- **TASK DATA**
↓↓↓
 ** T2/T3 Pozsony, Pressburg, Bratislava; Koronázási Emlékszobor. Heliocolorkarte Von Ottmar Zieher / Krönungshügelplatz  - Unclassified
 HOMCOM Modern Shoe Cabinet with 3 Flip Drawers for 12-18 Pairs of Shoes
↑↑↑
↓↓↓
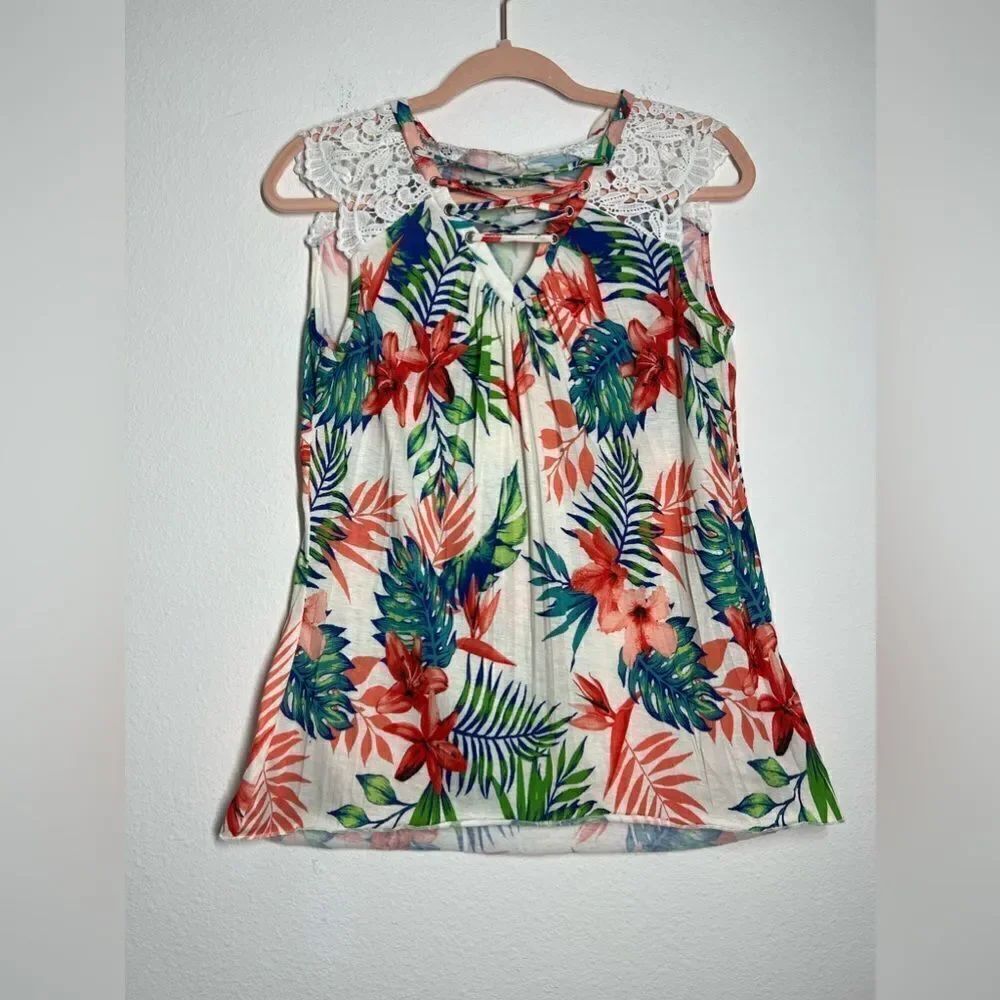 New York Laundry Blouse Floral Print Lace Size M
↑↑↑
↓↓↓
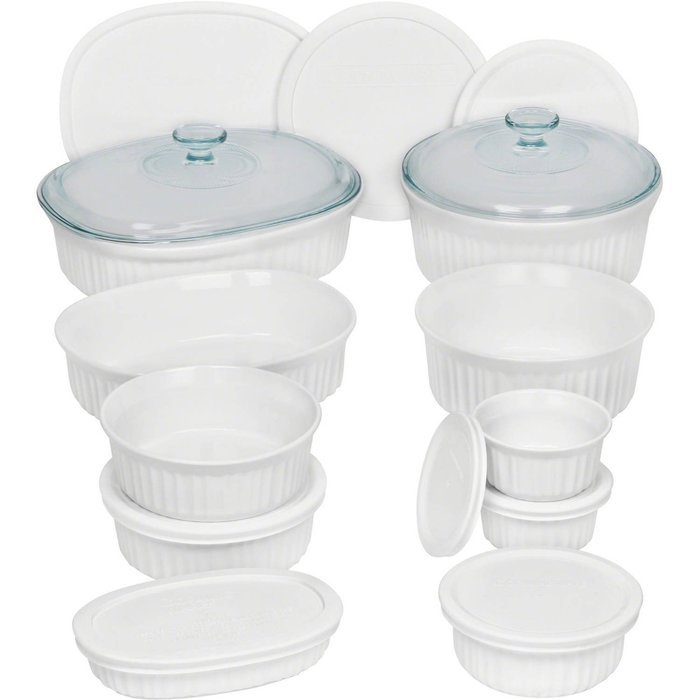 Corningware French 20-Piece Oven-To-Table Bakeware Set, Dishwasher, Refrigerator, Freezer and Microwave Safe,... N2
↑↑↑
- **WORK TO COMPLETE**
Output only an exact transcription of the lines above from the one with "Pozsony, Pressburg, Bratislava;" up to and including the one with "HOMCOM Modern Shoe".

- **ANSWER BOX**
 ** T2/T3 Pozsony, Pressburg, Bratislava; Koronázási Emlékszobor. Heliocolorkarte Von Ottmar Zieher / Krönungshügelplatz  - Unclassified
 HOMCOM Modern Shoe Cabinet with 3 Flip Drawers for 12-18 Pairs of Shoes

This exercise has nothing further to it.